Each of the records must appear again, exactly as it was written.

- Extracted data entries -
::::::
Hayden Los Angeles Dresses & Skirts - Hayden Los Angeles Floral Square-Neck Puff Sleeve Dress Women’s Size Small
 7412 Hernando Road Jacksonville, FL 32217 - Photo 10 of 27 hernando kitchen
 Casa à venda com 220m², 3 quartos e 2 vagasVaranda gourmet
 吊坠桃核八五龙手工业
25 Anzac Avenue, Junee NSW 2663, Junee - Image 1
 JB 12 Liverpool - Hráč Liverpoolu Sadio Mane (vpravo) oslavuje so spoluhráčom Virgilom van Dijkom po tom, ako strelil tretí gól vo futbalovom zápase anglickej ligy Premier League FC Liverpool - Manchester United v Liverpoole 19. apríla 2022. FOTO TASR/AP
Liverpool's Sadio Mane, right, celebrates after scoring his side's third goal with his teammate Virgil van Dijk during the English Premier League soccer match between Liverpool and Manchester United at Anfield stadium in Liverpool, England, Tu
::::::
- THE ANSWER -
Hayden Los Angeles Dresses & Skirts - Hayden Los Angeles Floral Square-Neck Puff Sleeve Dress Women’s Size Small
 7412 Hernando Road Jacksonville, FL 32217 - Photo 10 of 27 hernando kitchen
 Casa à venda com 220m², 3 quartos e 2 vagasVaranda gourmet
 吊坠桃核八五龙手工业
25 Anzac Avenue, Junee NSW 2663, Junee - Image 1
 JB 12 Liverpool - Hráč Liverpoolu Sadio Mane (vpravo) oslavuje so spoluhráčom Virgilom van Dijkom po tom, ako strelil tretí gól vo futbalovom zápase anglickej ligy Premier League FC Liverpool - Manchester United v Liverpoole 19. apríla 2022. FOTO TASR/AP
Liverpool's Sadio Mane, right, celebrates after scoring his side's third goal with his teammate Virgil van Dijk during the English Premier League soccer match between Liverpool and Manchester United at Anfield stadium in Liverpool, England, Tu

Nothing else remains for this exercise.